TASK TO CARRY OUT
Transcribe these records exactly, dropping every picture.

**** RECORDS SHOWN

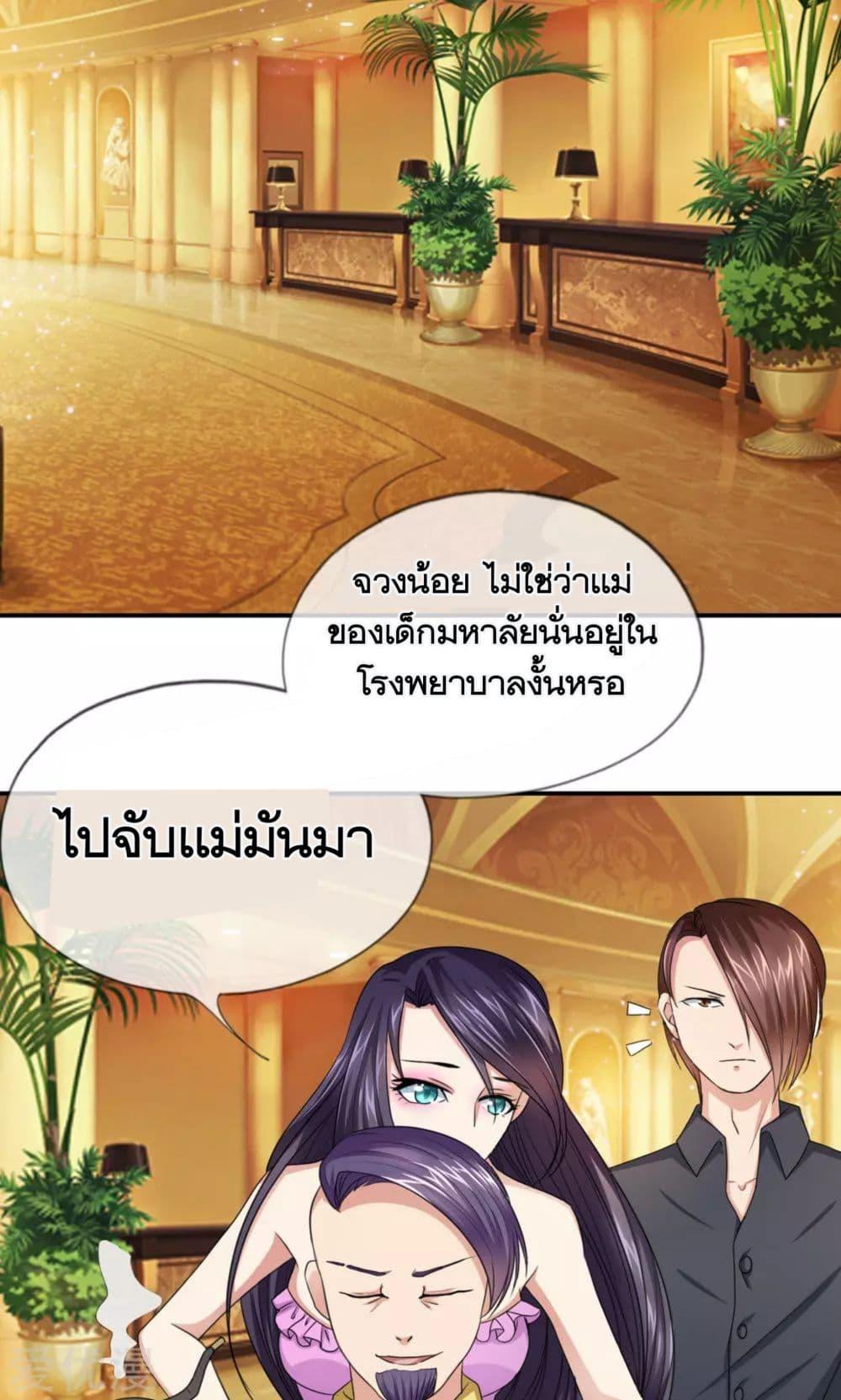 Manga-lc-com อ่านมังงะ อ่านการ์ตูน ออนไลน์ ฟรี The Master of Knife ตอนที่ 1 2 3 4 5 6 7 8 9 10 11 12 13 14 ฟรี ไม่มีโฆษณา Manga-lc - อ่าน มังงะ อ่าน การ์ตูน ออนไลน์ อ่านมังงะ ฟรี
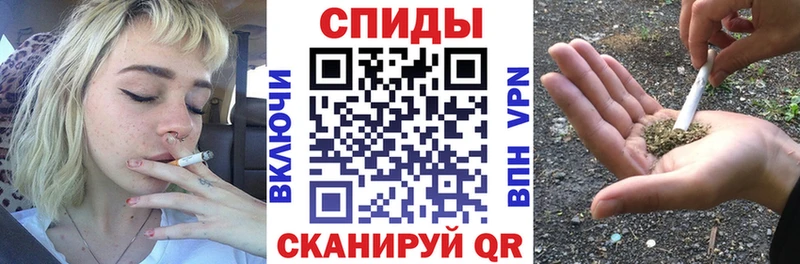 купить наркоту Среднеколымск БУТИРАТ оксибутират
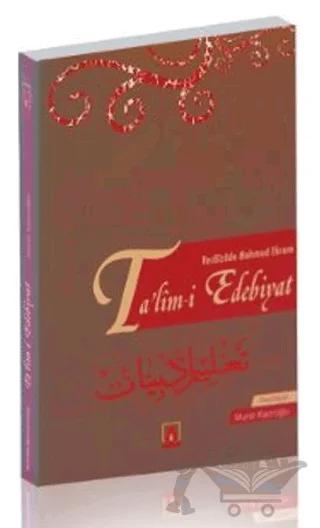 Talim-i Edebiyat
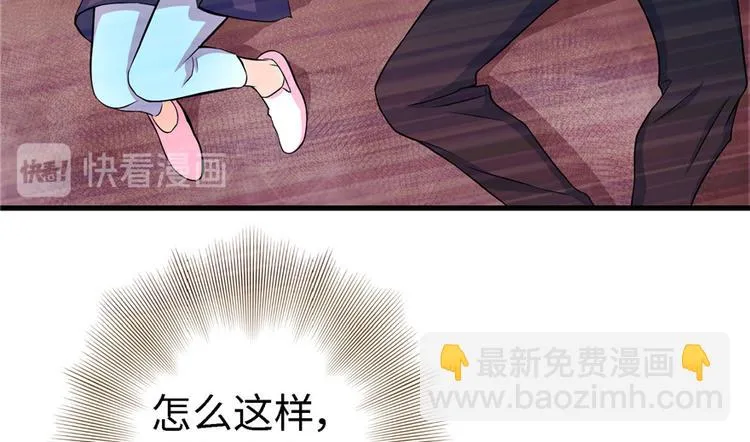 第19话 第104页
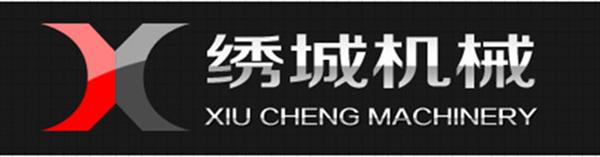 济南绣城机械有限公司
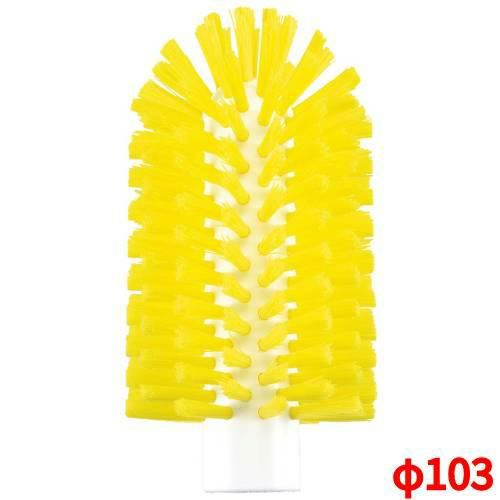 ブラシ 【ヴァイカン ビンクリーナー ハードタイプ 5380-103 イエロー】 / φ103×165 /【グループA】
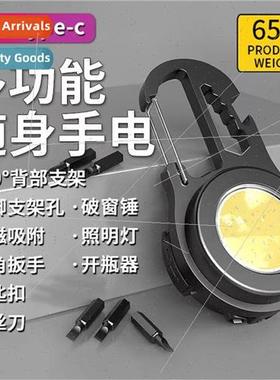 Keychain light strong light portable small flashlight rechar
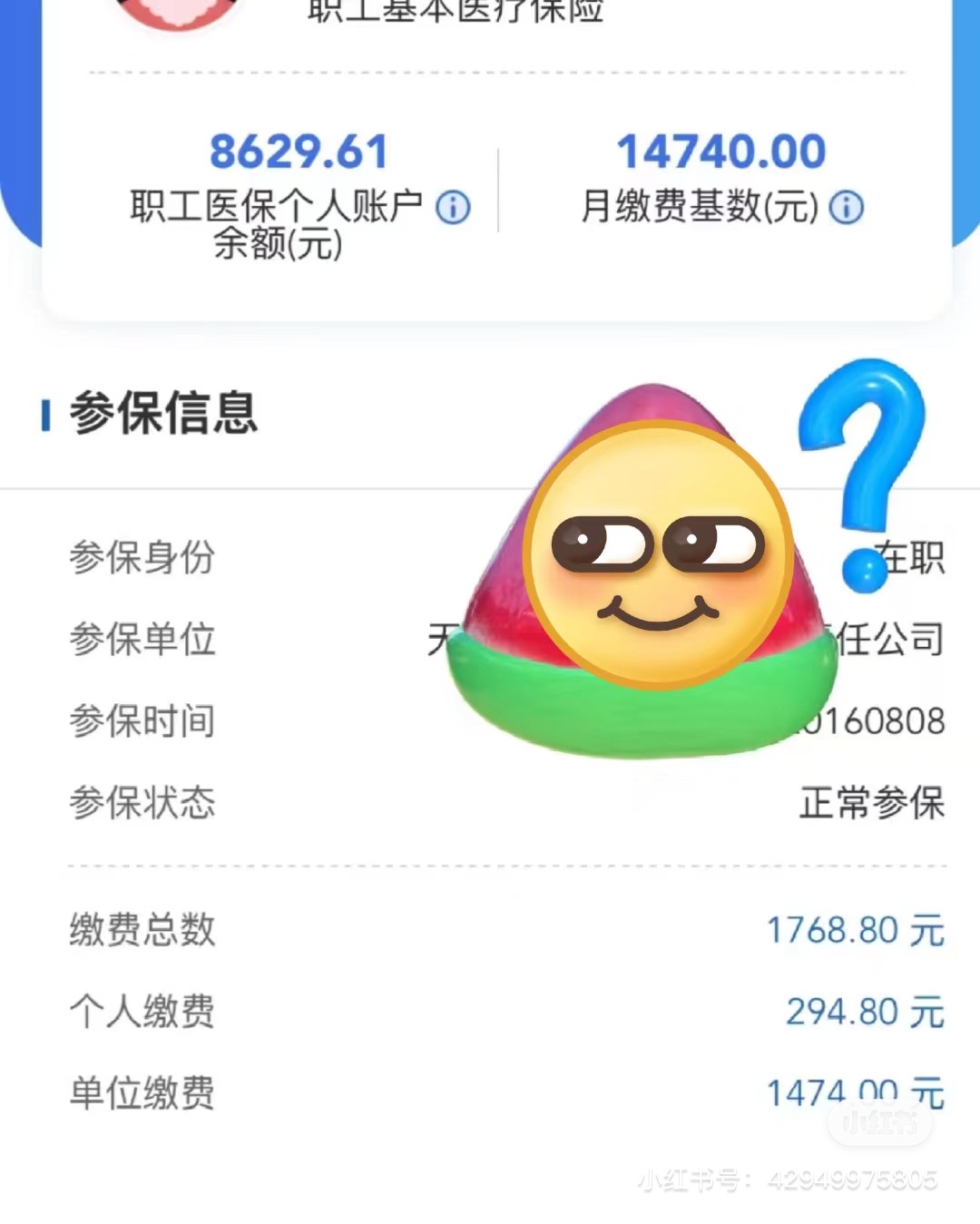 徐州200到500的小额医保提取(急用钱如何提取医保卡里的钱)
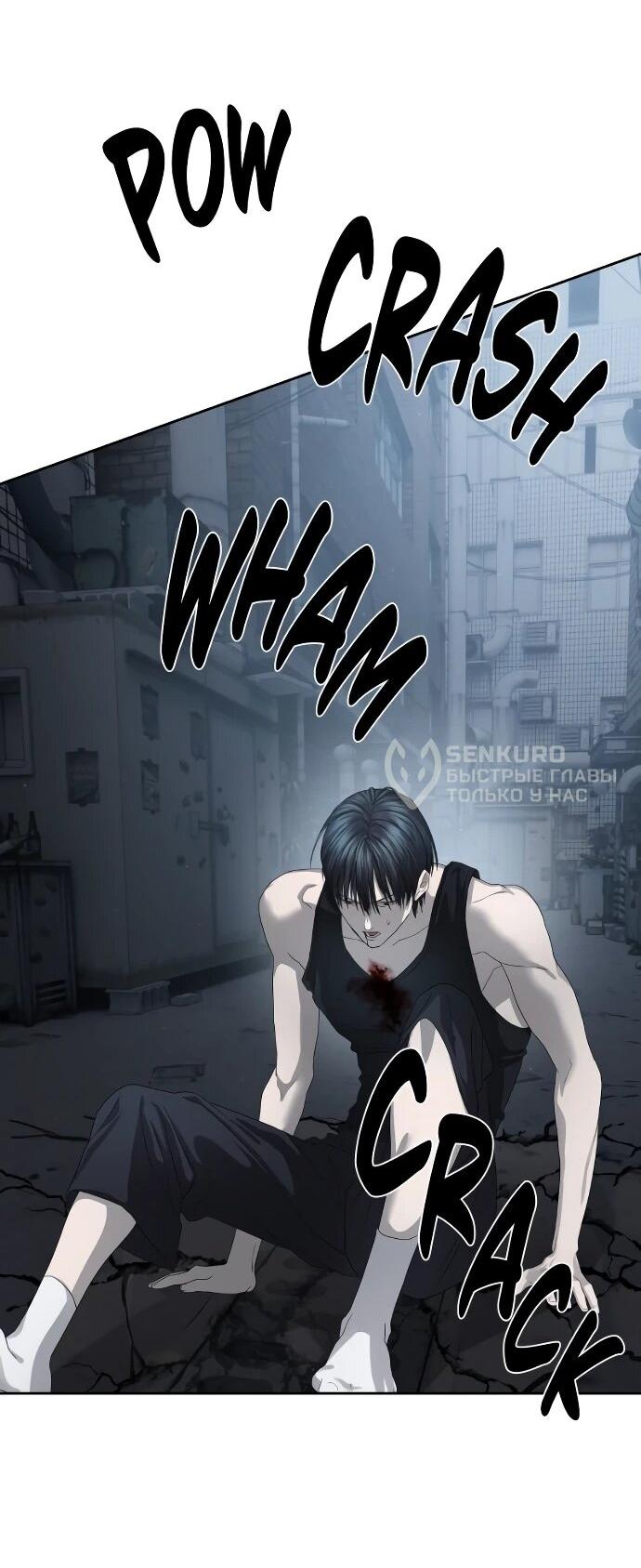 Манга Специальный госслужащий - Глава 53 Страница 31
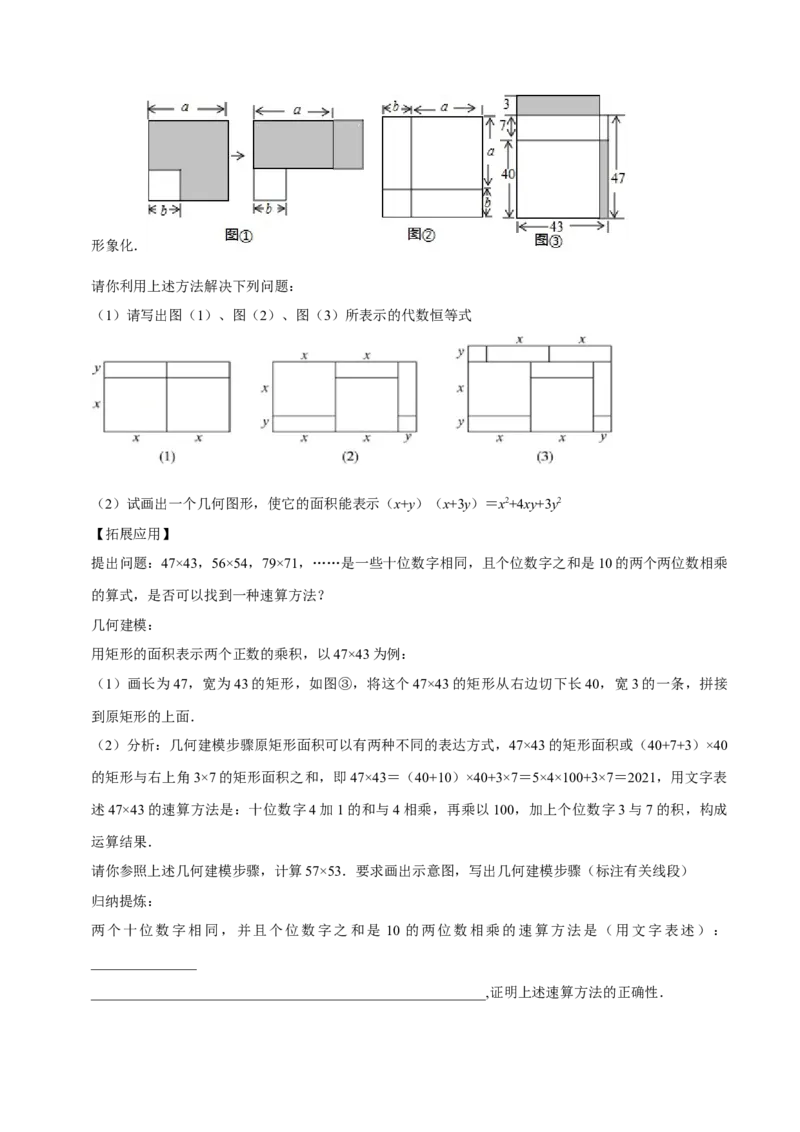 专题14.3乘法公式（九大题型）（举一反三）（人教版）（学生版）_初中数学_八年级数学上册（人教版）_母题专项-U66_2023版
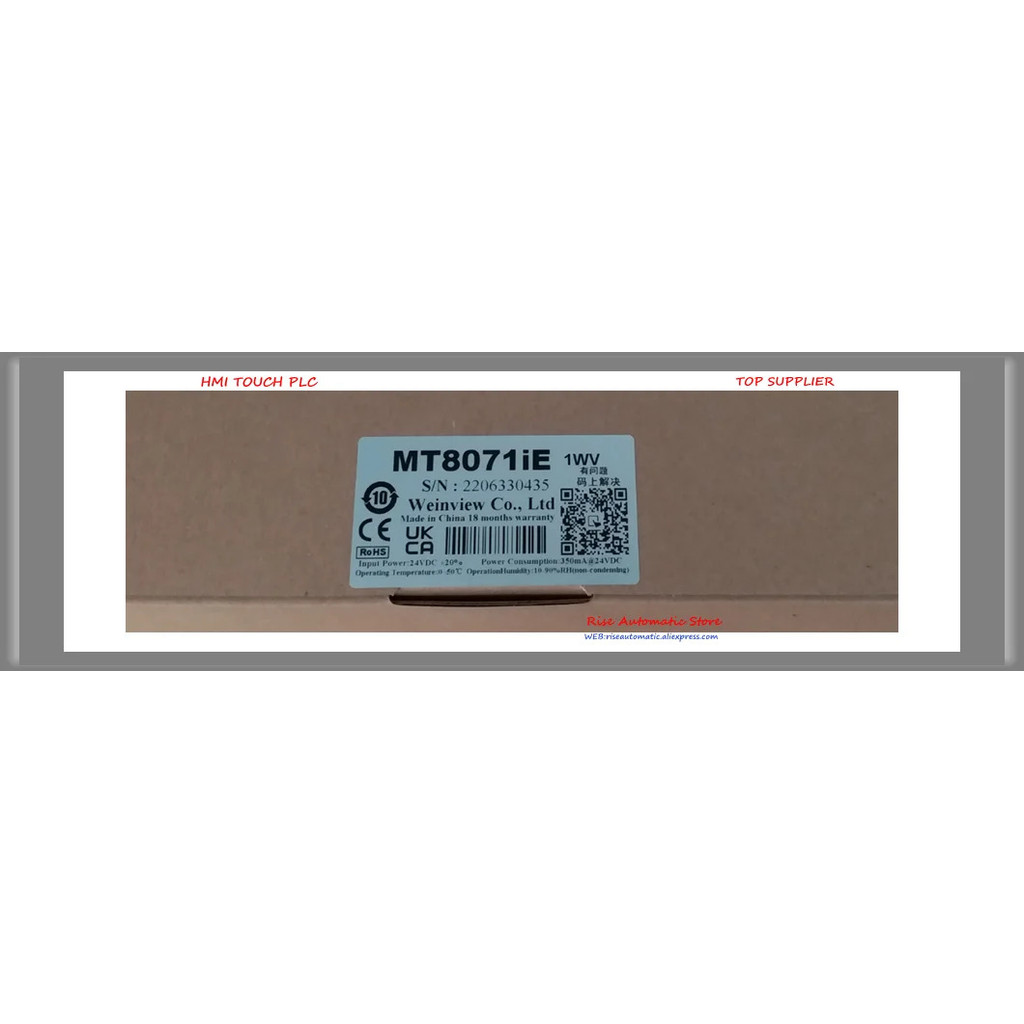 โมดูลแสดงผล MT8071IP MT8071IE HMIGXU3500 HMIGXU3512 HMISTU855 HMI ใหม่และต้นฉบับ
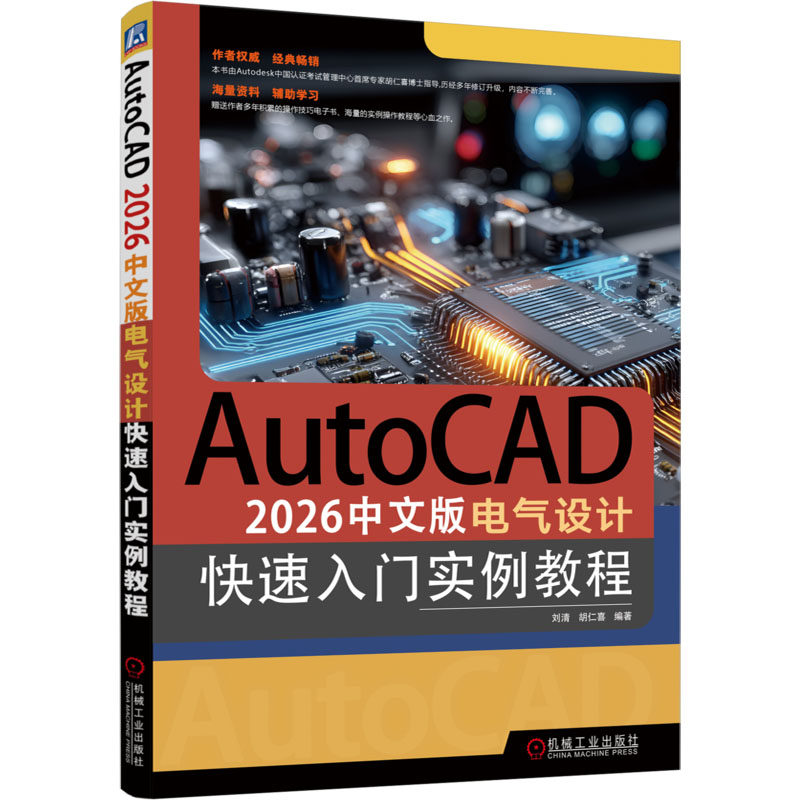 AUTOCAD 2026中文版电气设计快速入门实例教程刘清,胡仁喜 编著 编9787111793441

********

THE COMPLETED TASK
 Manga-lc-com อ่านมังงะ อ่านการ์ตูน ออนไลน์ ฟรี The Master of Knife ตอนที่ 1 2 3 4 5 6 7 8 9 10 11 12 13 14 ฟรี ไม่มีโฆษณา Manga-lc - อ่าน มังงะ อ่าน การ์ตูน ออนไลน์ อ่านมังงะ ฟรี
 купить наркоту Среднеколымск БУТИРАТ оксибутират
 Talim-i Edebiyat
 第19话 第104页
 济南绣城机械有限公司
 ブラシ 【ヴァイカン ビンクリーナー ハードタイプ 5380-103 イエロー】 / φ103×165 /【グループA】
 Keychain light strong light portable small flashlight rechar
 徐州200到500的小额医保提取(急用钱如何提取医保卡里的钱)
 Манга Специальный госслужащий - Глава 53 Страница 31
 专题14.3乘法公式（九大题型）（举一反三）（人教版）（学生版）_初中数学_八年级数学上册（人教版）_母题专项-U66_2023版
 โมดูลแสดงผล MT8071IP MT8071IE HMIGXU3500 HMIGXU3512 HMISTU855 HMI ใหม่และต้นฉบับ
 AUTOCAD 2026中文版电气设计快速入门实例教程刘清,胡仁喜 编著 编9787111793441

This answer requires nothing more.